BEGIN
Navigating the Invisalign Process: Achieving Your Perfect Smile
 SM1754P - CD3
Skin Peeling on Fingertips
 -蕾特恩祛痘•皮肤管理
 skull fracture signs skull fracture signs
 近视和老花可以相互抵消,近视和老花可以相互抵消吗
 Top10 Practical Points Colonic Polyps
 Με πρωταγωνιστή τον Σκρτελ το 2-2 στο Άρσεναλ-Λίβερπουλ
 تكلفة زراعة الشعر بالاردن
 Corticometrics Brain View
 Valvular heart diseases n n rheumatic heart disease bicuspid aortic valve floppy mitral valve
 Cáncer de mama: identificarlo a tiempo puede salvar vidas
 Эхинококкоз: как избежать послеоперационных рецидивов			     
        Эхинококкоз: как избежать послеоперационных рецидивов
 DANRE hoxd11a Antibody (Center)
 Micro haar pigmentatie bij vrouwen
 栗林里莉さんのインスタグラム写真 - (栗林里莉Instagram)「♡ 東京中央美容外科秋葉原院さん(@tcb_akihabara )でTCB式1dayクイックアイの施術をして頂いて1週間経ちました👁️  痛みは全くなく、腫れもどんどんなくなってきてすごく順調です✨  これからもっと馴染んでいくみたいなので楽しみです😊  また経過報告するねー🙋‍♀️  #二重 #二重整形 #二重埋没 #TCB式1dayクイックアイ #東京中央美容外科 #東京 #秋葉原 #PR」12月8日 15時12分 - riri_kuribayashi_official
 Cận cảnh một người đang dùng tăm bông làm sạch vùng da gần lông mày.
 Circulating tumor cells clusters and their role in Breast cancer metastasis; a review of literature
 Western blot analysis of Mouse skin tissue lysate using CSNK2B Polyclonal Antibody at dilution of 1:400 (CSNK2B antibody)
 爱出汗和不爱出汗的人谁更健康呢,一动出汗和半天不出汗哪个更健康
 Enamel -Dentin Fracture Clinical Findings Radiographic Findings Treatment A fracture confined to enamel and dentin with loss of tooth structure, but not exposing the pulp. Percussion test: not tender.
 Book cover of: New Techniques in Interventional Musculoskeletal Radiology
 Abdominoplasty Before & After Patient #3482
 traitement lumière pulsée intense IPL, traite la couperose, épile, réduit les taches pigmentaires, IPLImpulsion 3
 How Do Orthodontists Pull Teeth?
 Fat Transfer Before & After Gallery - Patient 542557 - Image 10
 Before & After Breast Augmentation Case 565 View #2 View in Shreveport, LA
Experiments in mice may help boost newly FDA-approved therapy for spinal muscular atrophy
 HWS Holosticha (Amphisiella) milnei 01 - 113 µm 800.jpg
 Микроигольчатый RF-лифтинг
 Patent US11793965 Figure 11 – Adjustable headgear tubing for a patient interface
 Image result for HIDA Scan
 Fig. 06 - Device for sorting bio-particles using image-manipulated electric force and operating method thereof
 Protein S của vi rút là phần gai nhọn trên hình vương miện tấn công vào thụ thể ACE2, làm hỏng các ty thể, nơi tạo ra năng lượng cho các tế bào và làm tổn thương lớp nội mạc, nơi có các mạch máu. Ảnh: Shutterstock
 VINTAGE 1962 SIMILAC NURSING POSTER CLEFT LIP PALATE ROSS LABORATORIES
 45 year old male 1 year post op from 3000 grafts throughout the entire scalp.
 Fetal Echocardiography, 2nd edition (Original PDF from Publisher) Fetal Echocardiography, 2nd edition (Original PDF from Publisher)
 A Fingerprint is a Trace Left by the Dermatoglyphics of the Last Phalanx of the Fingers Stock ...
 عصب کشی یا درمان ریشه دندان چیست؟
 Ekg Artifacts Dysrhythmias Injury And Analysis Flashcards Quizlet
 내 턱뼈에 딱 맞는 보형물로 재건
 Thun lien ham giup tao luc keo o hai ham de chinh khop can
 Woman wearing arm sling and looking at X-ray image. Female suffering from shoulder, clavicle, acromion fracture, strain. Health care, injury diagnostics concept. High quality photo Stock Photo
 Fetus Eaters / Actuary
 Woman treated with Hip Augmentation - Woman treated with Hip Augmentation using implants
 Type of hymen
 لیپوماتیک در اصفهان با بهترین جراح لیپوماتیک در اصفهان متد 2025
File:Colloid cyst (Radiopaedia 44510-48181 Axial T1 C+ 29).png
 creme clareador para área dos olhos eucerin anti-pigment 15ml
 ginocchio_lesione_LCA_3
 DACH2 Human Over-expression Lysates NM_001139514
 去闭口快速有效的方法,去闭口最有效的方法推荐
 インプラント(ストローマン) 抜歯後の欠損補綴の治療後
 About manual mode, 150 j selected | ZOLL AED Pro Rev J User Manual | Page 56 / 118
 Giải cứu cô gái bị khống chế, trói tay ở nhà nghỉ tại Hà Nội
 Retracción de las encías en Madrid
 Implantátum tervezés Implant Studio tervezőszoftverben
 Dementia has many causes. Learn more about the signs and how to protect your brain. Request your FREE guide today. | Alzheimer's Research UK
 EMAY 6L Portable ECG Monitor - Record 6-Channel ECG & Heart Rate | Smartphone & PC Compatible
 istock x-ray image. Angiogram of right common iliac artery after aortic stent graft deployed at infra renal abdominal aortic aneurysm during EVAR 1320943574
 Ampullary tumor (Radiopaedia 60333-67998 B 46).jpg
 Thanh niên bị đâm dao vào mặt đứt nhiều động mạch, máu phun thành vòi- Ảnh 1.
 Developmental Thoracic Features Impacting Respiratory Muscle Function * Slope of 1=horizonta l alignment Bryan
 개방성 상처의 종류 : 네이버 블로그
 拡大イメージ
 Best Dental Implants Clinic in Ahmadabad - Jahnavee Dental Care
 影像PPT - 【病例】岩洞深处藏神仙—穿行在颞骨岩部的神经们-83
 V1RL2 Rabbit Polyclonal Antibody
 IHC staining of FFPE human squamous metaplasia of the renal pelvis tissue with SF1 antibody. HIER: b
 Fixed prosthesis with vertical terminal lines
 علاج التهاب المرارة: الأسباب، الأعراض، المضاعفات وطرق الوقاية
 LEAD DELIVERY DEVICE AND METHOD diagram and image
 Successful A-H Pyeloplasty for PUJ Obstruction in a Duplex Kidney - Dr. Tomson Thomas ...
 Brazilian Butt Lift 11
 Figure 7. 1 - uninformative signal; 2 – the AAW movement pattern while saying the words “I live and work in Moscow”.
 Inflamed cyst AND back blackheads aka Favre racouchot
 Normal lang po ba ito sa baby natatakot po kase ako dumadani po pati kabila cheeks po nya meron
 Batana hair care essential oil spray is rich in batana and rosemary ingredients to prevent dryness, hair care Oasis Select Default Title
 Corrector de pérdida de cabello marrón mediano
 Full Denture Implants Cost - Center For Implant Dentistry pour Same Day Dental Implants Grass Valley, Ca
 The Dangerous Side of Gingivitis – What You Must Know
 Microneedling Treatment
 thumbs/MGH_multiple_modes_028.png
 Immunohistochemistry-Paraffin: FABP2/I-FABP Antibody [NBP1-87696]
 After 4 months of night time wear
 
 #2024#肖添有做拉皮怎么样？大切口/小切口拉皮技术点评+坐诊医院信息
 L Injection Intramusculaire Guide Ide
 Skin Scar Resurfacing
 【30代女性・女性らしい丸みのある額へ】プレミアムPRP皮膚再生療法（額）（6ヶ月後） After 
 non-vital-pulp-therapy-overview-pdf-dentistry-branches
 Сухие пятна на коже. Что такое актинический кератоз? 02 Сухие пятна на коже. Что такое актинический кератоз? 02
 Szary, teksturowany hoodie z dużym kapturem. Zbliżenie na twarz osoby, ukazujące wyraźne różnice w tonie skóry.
END
### [WORK TASK]
Count the lines of the material above that contain the word "Treatment", then give only that count.

### [WRITTEN ANSWER]
2